> [BRIEF]: Starting with the line that contains "Gruß aus meiner Blumenwiese" and ending with the last line of the entries, repeat exactly those lines and nothing else, pictures excluded.

*****

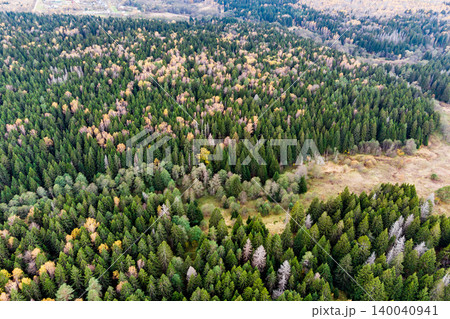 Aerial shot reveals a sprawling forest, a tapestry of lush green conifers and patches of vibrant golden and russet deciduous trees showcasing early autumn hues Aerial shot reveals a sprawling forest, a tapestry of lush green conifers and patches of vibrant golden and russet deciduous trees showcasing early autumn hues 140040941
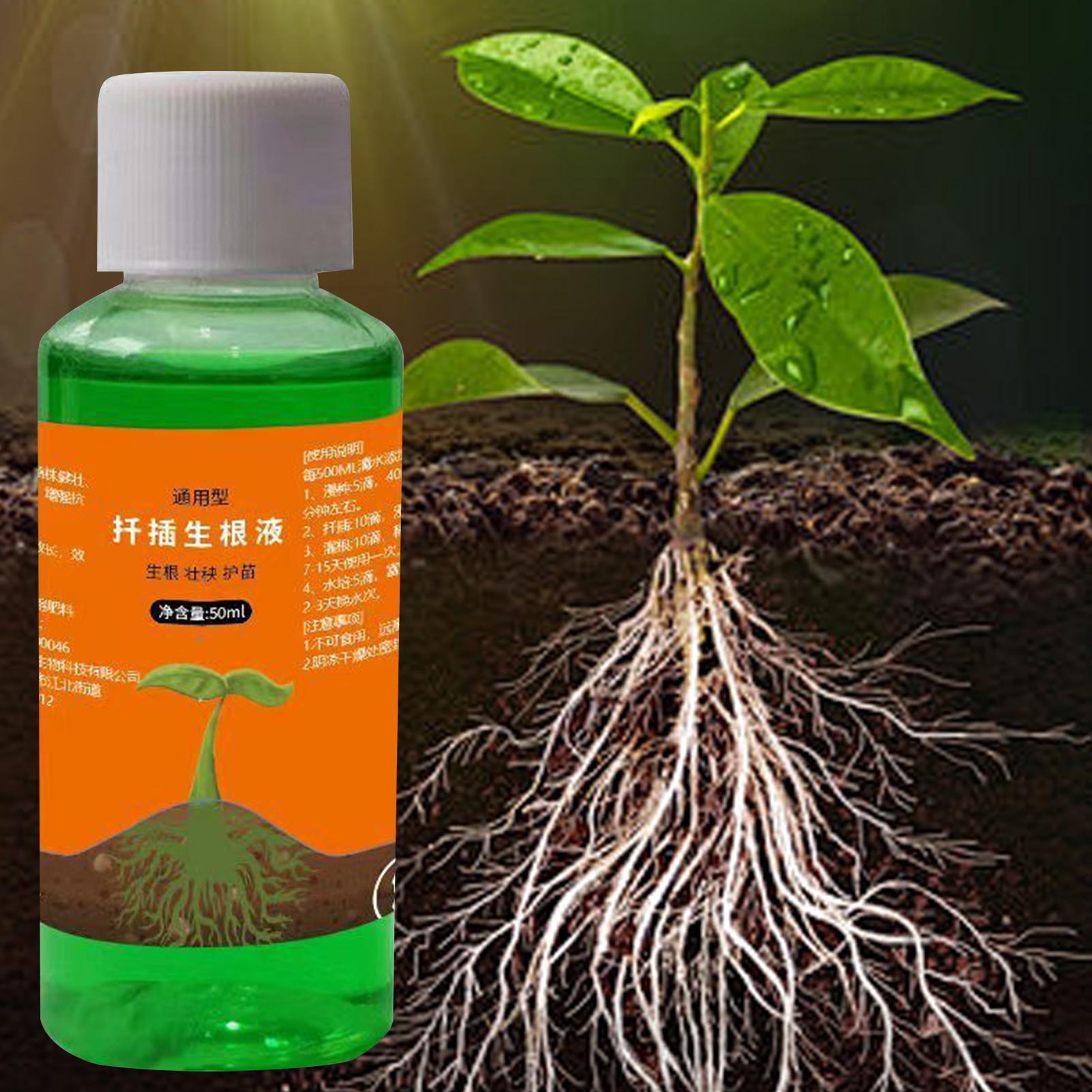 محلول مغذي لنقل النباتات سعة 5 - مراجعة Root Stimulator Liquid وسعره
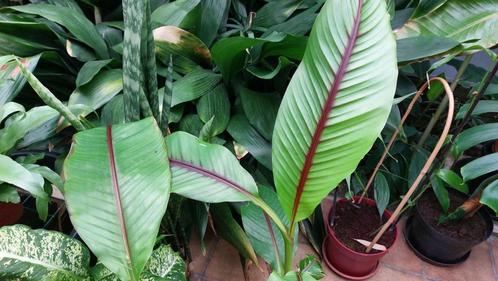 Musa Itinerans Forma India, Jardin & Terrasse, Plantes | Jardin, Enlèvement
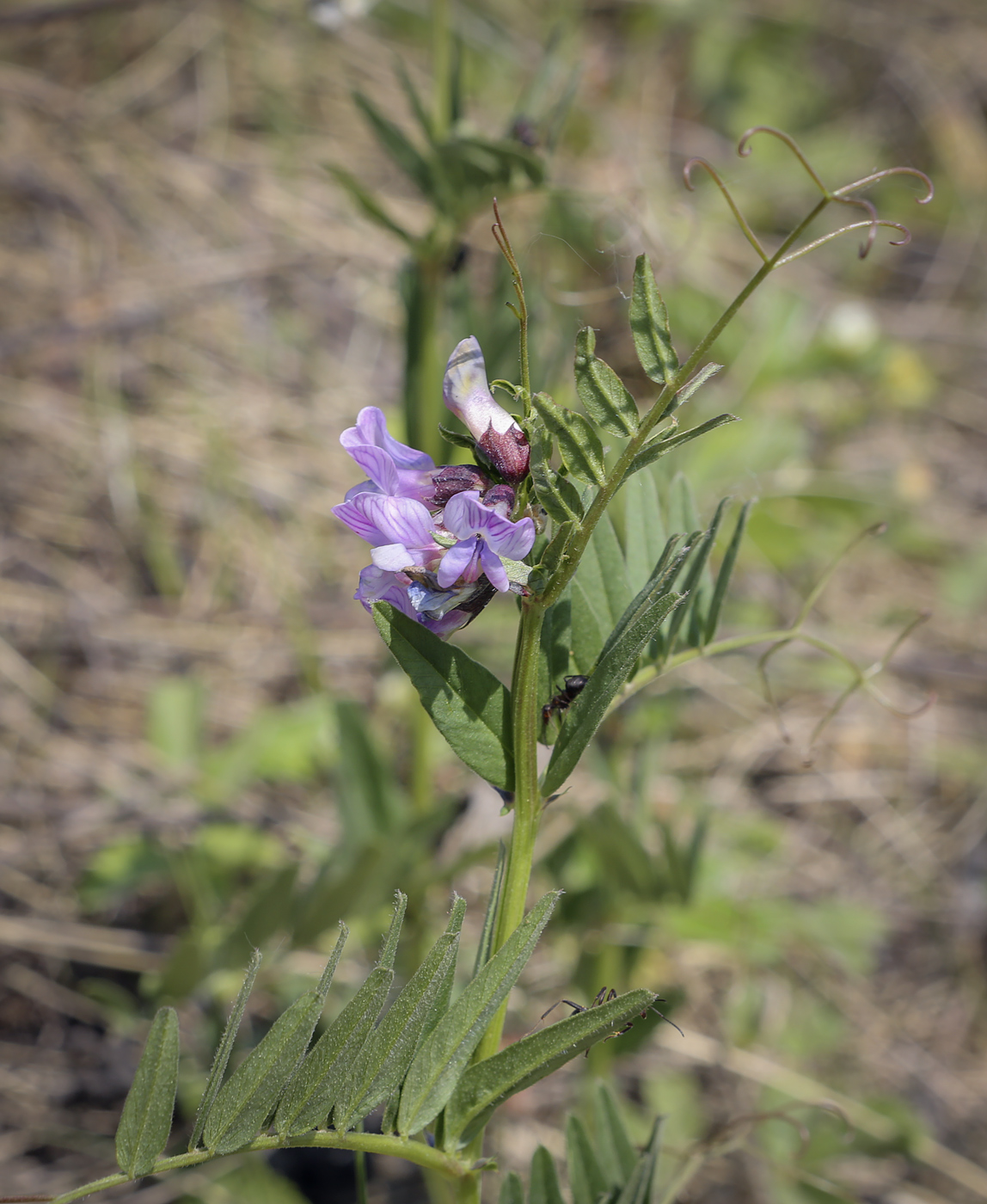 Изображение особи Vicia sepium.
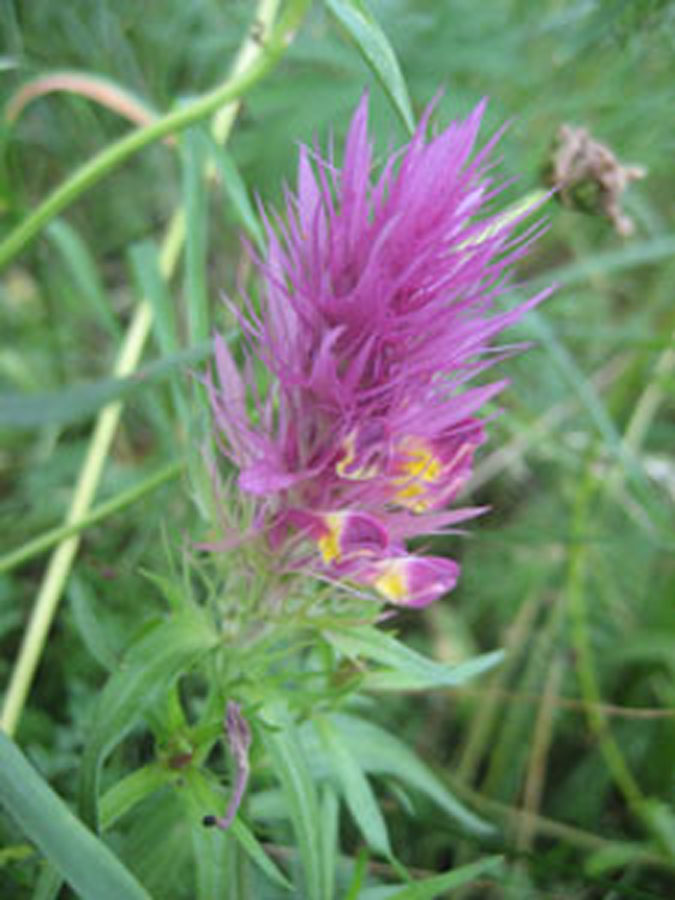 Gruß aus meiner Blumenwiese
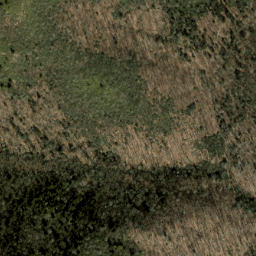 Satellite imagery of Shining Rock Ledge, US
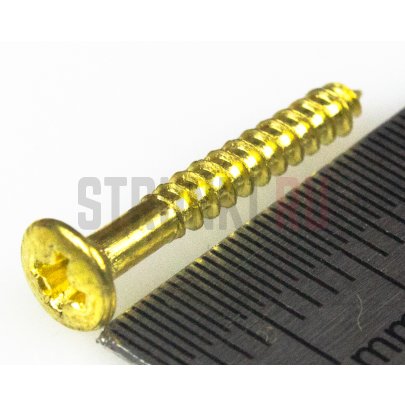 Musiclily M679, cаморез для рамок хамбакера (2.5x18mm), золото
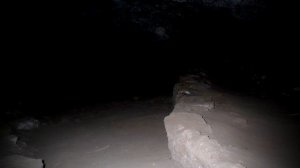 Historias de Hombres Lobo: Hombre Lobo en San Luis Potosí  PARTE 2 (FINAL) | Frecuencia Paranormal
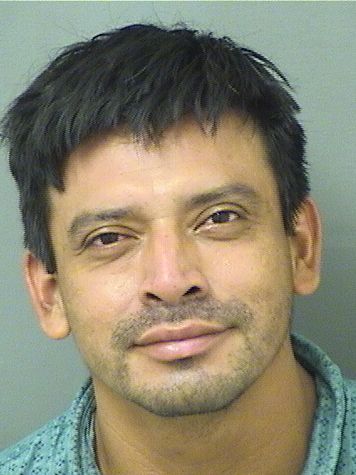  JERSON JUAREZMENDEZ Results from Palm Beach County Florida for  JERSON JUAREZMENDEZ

*****

> [RESPONSE TO THE TASK]:
 Gruß aus meiner Blumenwiese
 Satellite imagery of Shining Rock Ledge, US
 Musiclily M679, cаморез для рамок хамбакера (2.5x18mm), золото
 Historias de Hombres Lobo: Hombre Lobo en San Luis Potosí  PARTE 2 (FINAL) | Frecuencia Paranormal
  JERSON JUAREZMENDEZ Results from Palm Beach County Florida for  JERSON JUAREZMENDEZ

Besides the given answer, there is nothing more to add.